SOURCE MATERIAL:

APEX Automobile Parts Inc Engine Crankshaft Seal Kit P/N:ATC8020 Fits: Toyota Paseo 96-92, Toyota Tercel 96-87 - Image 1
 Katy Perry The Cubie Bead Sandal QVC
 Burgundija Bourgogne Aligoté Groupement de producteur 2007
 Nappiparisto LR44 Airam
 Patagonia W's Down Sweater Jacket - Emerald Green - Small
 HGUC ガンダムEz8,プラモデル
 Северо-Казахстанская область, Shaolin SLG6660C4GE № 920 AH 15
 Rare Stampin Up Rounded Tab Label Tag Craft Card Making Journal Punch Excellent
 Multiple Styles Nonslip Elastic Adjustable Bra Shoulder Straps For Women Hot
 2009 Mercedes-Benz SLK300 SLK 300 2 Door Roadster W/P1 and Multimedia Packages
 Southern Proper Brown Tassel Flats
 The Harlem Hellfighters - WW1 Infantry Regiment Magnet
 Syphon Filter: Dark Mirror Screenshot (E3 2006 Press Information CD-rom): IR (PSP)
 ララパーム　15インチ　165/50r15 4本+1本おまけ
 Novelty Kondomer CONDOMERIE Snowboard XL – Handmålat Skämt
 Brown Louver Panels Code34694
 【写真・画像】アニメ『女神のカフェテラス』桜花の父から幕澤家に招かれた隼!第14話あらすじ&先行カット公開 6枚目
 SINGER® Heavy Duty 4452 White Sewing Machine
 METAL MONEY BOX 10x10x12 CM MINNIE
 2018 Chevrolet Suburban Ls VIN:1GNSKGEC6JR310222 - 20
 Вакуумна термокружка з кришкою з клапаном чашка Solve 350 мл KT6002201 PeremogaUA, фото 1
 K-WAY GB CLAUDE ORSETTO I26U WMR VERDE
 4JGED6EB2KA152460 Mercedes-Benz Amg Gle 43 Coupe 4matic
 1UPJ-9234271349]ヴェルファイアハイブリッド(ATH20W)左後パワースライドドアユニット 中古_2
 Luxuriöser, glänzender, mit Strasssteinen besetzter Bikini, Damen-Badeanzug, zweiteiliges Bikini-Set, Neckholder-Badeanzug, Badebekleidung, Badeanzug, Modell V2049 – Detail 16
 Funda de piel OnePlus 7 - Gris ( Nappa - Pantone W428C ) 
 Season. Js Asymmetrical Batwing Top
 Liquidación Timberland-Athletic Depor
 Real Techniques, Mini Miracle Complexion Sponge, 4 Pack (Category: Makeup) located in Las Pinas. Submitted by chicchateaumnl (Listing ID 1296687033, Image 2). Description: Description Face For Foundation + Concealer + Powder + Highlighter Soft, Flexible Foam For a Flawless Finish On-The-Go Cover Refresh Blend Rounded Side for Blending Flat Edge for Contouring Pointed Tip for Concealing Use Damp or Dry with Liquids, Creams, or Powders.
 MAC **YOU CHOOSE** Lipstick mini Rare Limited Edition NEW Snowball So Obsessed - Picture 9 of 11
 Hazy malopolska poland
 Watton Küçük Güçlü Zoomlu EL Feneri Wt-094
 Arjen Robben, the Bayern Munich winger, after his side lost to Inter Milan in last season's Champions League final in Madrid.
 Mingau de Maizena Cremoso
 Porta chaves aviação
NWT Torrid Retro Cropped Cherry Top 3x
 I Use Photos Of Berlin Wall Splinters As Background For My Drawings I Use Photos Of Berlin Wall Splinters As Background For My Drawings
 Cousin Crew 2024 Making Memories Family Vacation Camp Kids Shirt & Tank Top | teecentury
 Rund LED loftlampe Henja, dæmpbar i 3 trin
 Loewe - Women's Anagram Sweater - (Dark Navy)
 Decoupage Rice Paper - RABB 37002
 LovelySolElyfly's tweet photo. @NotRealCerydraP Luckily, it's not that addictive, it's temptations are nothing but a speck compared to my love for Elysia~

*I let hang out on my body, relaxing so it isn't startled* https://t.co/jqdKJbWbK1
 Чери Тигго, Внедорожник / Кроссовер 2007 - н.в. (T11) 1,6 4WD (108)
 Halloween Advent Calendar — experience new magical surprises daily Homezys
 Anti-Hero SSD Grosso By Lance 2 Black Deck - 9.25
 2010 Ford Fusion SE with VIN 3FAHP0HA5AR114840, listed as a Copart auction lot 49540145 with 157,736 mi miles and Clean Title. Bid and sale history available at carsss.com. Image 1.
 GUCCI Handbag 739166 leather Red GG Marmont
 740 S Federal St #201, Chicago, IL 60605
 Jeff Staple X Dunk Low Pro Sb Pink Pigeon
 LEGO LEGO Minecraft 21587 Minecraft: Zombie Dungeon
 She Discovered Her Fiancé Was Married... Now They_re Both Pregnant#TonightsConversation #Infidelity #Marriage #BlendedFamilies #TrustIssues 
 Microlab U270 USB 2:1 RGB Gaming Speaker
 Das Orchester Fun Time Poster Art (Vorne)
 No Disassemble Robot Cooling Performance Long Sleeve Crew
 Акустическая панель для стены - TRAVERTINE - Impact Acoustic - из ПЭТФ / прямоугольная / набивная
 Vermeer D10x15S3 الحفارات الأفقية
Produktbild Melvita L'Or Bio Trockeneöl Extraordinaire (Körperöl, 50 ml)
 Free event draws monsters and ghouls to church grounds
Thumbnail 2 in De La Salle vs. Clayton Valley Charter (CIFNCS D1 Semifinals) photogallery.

YOUR OBJECTIVE: Only one stretch is wanted, so please give again exactly the lines from the start of the data through the line containing "1UPJ-923427134", both ends included.

SOLUTION TO THIS TASK:
APEX Automobile Parts Inc Engine Crankshaft Seal Kit P/N:ATC8020 Fits: Toyota Paseo 96-92, Toyota Tercel 96-87 - Image 1
 Katy Perry The Cubie Bead Sandal QVC
 Burgundija Bourgogne Aligoté Groupement de producteur 2007
 Nappiparisto LR44 Airam
 Patagonia W's Down Sweater Jacket - Emerald Green - Small
 HGUC ガンダムEz8,プラモデル
 Северо-Казахстанская область, Shaolin SLG6660C4GE № 920 AH 15
 Rare Stampin Up Rounded Tab Label Tag Craft Card Making Journal Punch Excellent
 Multiple Styles Nonslip Elastic Adjustable Bra Shoulder Straps For Women Hot
 2009 Mercedes-Benz SLK300 SLK 300 2 Door Roadster W/P1 and Multimedia Packages
 Southern Proper Brown Tassel Flats
 The Harlem Hellfighters - WW1 Infantry Regiment Magnet
 Syphon Filter: Dark Mirror Screenshot (E3 2006 Press Information CD-rom): IR (PSP)
 ララパーム　15インチ　165/50r15 4本+1本おまけ
 Novelty Kondomer CONDOMERIE Snowboard XL – Handmålat Skämt
 Brown Louver Panels Code34694
 【写真・画像】アニメ『女神のカフェテラス』桜花の父から幕澤家に招かれた隼!第14話あらすじ&先行カット公開 6枚目
 SINGER® Heavy Duty 4452 White Sewing Machine
 METAL MONEY BOX 10x10x12 CM MINNIE
 2018 Chevrolet Suburban Ls VIN:1GNSKGEC6JR310222 - 20
 Вакуумна термокружка з кришкою з клапаном чашка Solve 350 мл KT6002201 PeremogaUA, фото 1
 K-WAY GB CLAUDE ORSETTO I26U WMR VERDE
 4JGED6EB2KA152460 Mercedes-Benz Amg Gle 43 Coupe 4matic
 1UPJ-9234271349]ヴェルファイアハイブリッド(ATH20W)左後パワースライドドアユニット 中古_2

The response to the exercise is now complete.